CGRs for human mitochondrial DNA (left) and red algae mitochondrial DNA (right). Image credit: Lila Kari

By calculating the mathematical “distance” between these images and then using a statistical method called multi-dimensional scaling, each DNA sequence can be transformed into a single point in 3D space. The closer these points are to each other, the more similar the genomes they represent.

“It’s like turning the tree of life into the map of life,” explains Kari.

Unlike classic phylogenetic trees that only tell you the relationships between species on the same branch, a map gives you more information, showing the relationships between all species simultaneously.

When Kari’s group tried the method on a collection of over 1,700 vertebrate mitochondrial genomes, the result was a 3D plot with clusters that corresponded remarkably well with current species classification.
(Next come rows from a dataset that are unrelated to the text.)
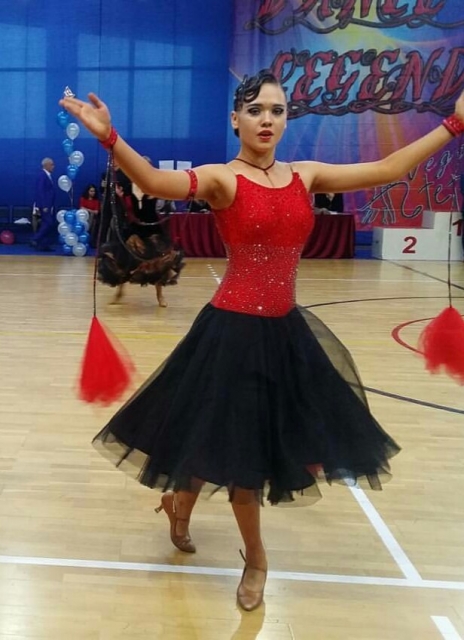 Екатерина Графова платья бальные латина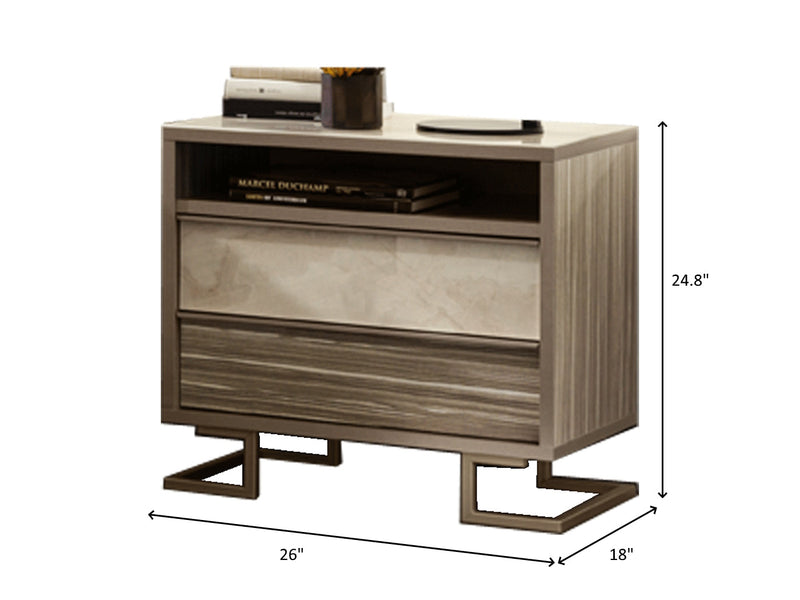 Luce 26" Wide Nightstand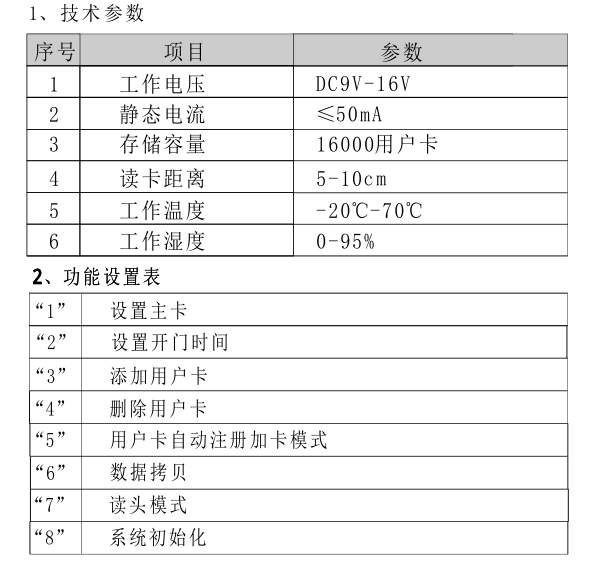 ID IC卡双频门禁一体机/1.6万用户/自动无人看守自动授权卡(图1)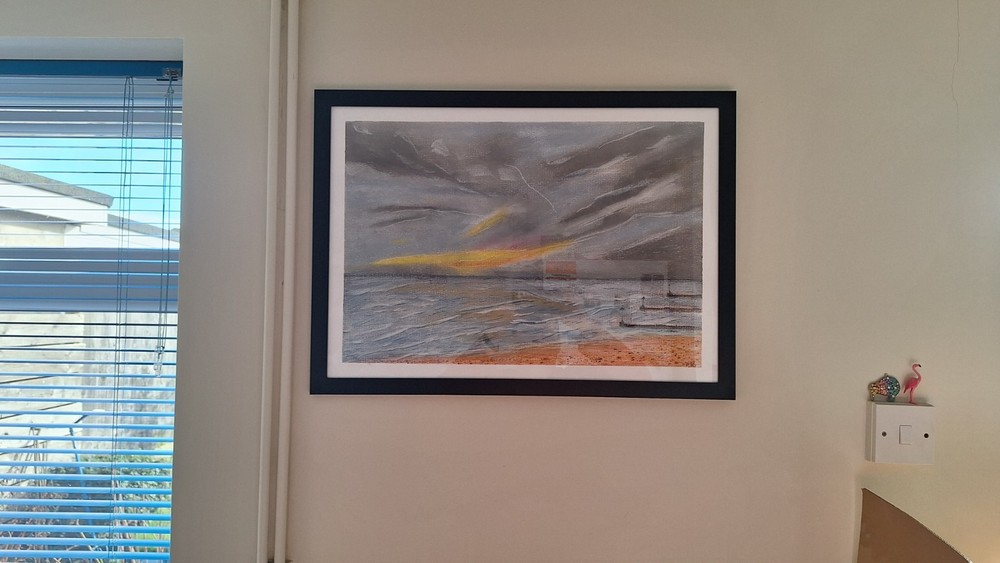 A2 Size Framed Original Pastel Drawing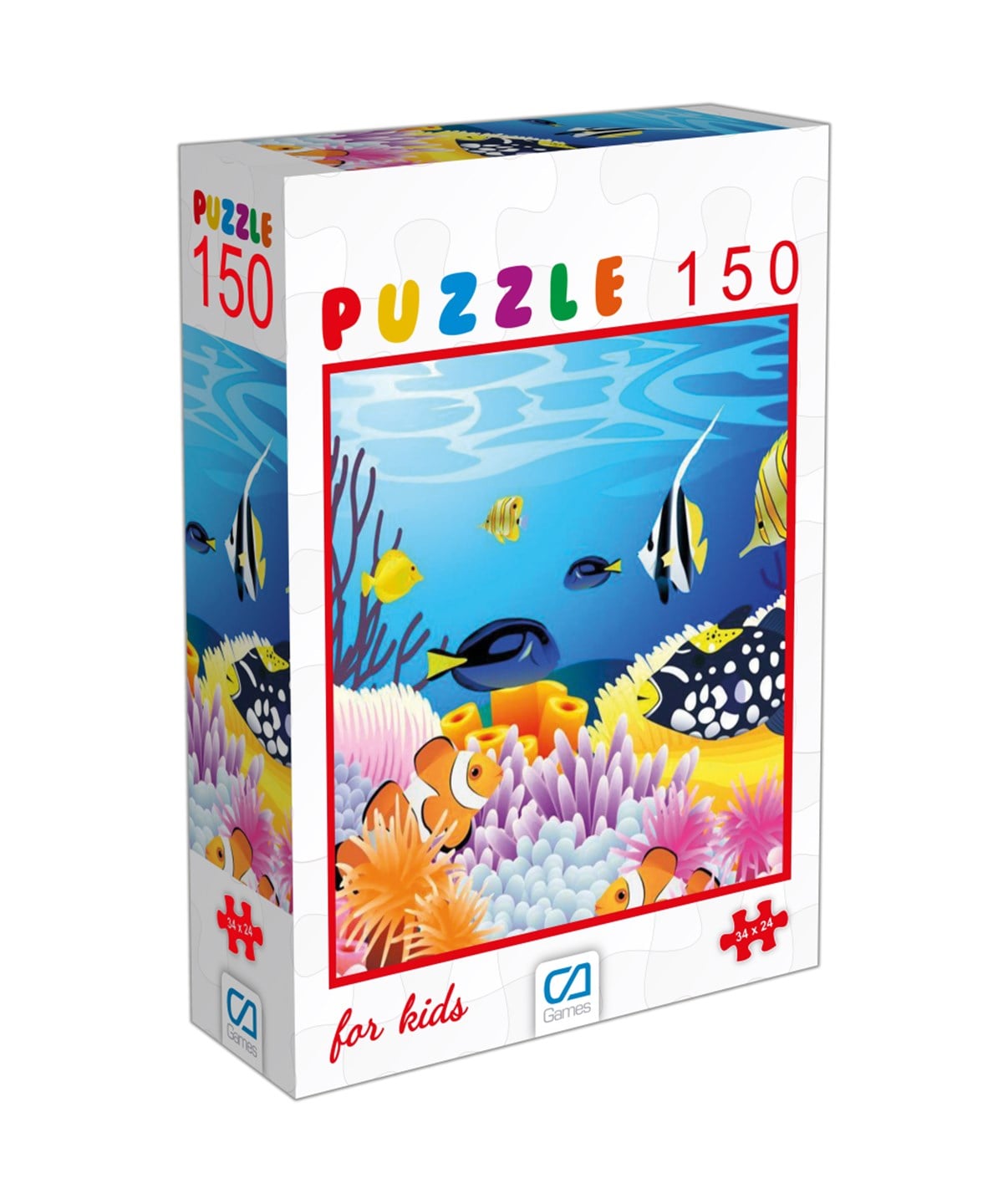 Çocuk Puzzle, CA Games, CA Games 6106 Balıklar Puzzle 150 Parça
See for yourself in the image below or in this interactive version.

The map of life for vertebrates created using Kari’s mathematical method for genome comparison. Image credit: Lila Kari

Even species that crept over the boundaries still appeared logically placed, like a species of fish with primitive lungs that slid into the amphibian cluster, or a snake-like amphibian that snuck into the reptile cluster. And, of course, the tarsier, which sits with the wet-nosed primates.

“The fact that this method captured common characteristics—I thought that was the coolest thing,” says Kari. Especially because the method doesn’t care at all about what kinds of sequences you’re comparing or where they came from.

Currently, species classification relies on a combination of data, from an assessment of morphological traits to DNA sequence alignment to molecular information. Of these, DNA sequence alignment comes the closest to being a quantitative measure of species relatedness, but it relies on the presence of a reference gene or sequence that can be used as a point of comparison. But what about species that don’t have that particular gene? This is not an issue using Kari’s method.

“As a mathematician, this was the most attractive feature: it’s so universal. [The DNA] doesn’t need to be the same species or the same genus. It can be a computer-generated sequence or alien DNA from outer space, I don’t care. Bring it on!”

And in many cases, you don’t even need the entire genomic sequence for the method to work. Sometimes as little as a few percent of the sequence was enough to distinguish between two species. This means that the method could be used with raw sequencing data or for organisms where only low-quality sequencing results are available. Kari makes sense of this by thinking about the whole genome as a book—you don’t need to read the whole book to know which one it is—but the biological reasons for why it works are yet to be uncovered.
That’s where Kari hopes collaborations with biologists can help. She currently has two on the go at Western University: one with Dr. David Smith who specializes in protists, and another with Dr. Art Poon, an HIV researcher.

Rather than replacing current classification methods, Kari’s sees this mathematical approach as complementary. With such a computationally efficient, scalable method (you can compare 20 or 20,000 sequences) and some raw sequencing data, we could much more quickly classify the estimated 86 per cent of species on Earth and 91 per cent of species in the ocean that don’t yet have a home in the tree of life.

And we could do it without any tarsier-sized controversies.